Galois scaffolds and Galois module structure in extensions of characteristic $p$ local fields of degree $p^2$

TL;DR

This paper investigates the existence of Galois scaffolds in degree p^2 extensions of characteristic p local fields, providing conditions for their existence and analyzing the Galois module structure of the ring of integers.

Contribution

It offers a sufficient condition for Galois scaffold existence in degree p^2 extensions and characterizes the Galois module structure of the ring of integers under these conditions.

Findings

A sufficient condition for Galois scaffold existence in degree p^2 extensions.

Necessary and sufficient conditions for the ring of integers to be free over its associated order.

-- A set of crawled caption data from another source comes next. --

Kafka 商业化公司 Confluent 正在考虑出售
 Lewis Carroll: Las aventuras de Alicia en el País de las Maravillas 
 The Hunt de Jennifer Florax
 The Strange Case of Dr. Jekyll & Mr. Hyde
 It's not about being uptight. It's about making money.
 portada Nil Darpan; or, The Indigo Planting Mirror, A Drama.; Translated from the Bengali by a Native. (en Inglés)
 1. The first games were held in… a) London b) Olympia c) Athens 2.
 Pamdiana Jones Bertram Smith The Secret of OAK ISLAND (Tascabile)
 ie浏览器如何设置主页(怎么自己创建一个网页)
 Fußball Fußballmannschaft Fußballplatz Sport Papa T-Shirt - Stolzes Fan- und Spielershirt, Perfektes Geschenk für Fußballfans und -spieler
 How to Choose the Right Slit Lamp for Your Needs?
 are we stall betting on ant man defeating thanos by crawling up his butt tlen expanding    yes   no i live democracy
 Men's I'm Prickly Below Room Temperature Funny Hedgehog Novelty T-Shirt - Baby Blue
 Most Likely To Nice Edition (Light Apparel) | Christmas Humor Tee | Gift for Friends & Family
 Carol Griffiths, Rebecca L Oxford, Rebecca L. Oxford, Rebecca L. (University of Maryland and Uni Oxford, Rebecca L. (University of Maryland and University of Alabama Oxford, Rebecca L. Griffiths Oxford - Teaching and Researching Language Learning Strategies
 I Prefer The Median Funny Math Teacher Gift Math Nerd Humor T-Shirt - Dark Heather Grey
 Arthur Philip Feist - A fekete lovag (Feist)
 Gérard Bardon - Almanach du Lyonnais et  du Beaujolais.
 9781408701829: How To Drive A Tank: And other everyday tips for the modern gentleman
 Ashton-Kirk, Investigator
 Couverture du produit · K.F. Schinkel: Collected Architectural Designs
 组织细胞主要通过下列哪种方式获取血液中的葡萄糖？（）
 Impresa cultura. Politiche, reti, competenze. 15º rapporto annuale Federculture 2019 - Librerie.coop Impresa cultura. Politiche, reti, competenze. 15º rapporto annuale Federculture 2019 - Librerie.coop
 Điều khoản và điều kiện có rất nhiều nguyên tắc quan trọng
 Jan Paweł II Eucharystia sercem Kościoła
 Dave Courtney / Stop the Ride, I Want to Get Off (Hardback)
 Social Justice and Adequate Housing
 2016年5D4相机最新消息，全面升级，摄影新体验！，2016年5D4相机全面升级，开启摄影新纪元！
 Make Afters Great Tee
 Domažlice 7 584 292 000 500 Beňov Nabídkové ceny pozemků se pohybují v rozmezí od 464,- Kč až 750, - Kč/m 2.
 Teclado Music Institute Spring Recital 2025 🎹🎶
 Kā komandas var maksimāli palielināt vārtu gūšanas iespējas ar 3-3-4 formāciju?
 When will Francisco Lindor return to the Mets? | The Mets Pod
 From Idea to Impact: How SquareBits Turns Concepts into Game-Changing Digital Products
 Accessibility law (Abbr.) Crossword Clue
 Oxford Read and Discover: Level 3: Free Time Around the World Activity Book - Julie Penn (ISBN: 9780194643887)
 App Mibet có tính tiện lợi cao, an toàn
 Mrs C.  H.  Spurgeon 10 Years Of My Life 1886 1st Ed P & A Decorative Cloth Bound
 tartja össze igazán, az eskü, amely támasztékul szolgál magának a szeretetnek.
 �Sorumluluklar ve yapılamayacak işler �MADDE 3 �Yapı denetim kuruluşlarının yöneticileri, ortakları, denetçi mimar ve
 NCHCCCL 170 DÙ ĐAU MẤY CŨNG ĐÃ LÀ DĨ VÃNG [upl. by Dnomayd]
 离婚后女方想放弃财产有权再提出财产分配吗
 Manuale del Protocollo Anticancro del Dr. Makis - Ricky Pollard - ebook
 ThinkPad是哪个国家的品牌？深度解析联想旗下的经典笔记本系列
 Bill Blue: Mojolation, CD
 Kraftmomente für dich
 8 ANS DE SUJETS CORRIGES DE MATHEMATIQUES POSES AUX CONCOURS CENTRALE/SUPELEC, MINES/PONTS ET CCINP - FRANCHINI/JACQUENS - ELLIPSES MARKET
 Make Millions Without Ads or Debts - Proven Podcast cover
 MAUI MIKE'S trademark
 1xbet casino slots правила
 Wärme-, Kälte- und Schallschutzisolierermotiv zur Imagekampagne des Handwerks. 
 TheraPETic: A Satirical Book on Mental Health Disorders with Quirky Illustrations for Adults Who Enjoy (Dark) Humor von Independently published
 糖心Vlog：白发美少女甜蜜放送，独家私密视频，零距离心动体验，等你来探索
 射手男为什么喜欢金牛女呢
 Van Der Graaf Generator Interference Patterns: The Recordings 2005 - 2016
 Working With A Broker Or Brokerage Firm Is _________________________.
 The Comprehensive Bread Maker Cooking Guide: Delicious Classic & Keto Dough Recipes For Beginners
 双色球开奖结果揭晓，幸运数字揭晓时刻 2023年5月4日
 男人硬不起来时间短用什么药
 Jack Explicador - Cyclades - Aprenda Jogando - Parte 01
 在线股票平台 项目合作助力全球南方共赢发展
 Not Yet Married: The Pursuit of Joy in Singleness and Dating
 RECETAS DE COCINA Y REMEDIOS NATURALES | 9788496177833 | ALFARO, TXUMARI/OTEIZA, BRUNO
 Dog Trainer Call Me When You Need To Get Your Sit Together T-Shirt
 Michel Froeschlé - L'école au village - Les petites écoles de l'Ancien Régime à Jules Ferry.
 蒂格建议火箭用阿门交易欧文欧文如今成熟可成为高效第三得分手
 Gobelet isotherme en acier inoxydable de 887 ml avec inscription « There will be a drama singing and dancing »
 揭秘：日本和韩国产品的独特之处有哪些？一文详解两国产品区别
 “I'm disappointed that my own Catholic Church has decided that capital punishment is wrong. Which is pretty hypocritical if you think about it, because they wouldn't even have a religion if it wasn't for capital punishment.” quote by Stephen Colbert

Explicit determination of Galois module structure in these extensions.

Abstract

A Galois scaffold, in a Galois extension of local fields with perfect residue fields, is an adaptation of the normal basis to the valuation of the extension field, and thus can be applied to answer questions of Galois module structure. Here we give a sufficient condition for a Galois scaffold to exist in fully ramified Galois extensions of degree $p^2$ of characteristic $p$ local fields. This condition becomes necessary when we restrict to $p=3$. For extensions $L/K$ of degree $p^2$ that satisfy this condition, we determine the Galois module structure of the ring of integers by finding necessary and sufficient conditions for the ring of integers of $L$ to be free over its associated order in $K[Gal(L/K)]$.